### DATA SECTION

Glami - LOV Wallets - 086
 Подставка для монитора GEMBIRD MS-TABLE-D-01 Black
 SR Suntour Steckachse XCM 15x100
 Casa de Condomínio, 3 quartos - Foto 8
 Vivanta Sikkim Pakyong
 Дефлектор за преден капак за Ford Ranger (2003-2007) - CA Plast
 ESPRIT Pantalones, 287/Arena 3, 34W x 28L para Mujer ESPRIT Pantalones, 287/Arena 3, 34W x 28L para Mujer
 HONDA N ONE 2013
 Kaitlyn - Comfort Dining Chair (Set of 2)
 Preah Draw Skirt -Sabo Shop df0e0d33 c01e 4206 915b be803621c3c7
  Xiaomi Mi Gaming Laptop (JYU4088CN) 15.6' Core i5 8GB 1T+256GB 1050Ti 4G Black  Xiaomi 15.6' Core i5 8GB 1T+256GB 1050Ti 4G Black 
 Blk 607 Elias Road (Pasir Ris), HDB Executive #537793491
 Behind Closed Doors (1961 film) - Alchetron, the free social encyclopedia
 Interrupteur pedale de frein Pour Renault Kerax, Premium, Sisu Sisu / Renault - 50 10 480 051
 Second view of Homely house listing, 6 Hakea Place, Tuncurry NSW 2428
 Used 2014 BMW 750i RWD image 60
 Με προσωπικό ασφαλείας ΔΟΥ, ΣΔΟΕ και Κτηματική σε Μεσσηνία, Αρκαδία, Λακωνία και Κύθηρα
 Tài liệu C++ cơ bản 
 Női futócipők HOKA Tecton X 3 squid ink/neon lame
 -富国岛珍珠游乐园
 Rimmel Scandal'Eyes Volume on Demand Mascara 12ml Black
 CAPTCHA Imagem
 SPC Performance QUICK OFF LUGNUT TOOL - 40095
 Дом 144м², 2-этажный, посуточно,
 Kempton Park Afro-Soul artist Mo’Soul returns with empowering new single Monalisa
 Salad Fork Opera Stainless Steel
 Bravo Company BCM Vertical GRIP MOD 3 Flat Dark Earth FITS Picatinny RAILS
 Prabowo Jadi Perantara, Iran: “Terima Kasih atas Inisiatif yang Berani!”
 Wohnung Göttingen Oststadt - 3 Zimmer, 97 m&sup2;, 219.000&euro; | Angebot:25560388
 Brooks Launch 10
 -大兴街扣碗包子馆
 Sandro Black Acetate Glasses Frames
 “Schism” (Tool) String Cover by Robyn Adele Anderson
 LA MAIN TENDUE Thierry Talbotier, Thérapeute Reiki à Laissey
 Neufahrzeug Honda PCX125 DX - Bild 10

### INSTRUCTIONS FOR THE TASK
Copy out each line of the data above, exactly, if it lies between the line holding "ESPRIT Pantalones, 287/Arena 3, 34W x 28L para Mujer ESPRIT" and the line holding "Xiaomi Mi Gaming", inclusive; copy no other line.

### TASK RESPONSE
 ESPRIT Pantalones, 287/Arena 3, 34W x 28L para Mujer ESPRIT Pantalones, 287/Arena 3, 34W x 28L para Mujer
 HONDA N ONE 2013
 Kaitlyn - Comfort Dining Chair (Set of 2)
 Preah Draw Skirt -Sabo Shop df0e0d33 c01e 4206 915b be803621c3c7
  Xiaomi Mi Gaming Laptop (JYU4088CN) 15.6' Core i5 8GB 1T+256GB 1050Ti 4G Black  Xiaomi 15.6' Core i5 8GB 1T+256GB 1050Ti 4G Black 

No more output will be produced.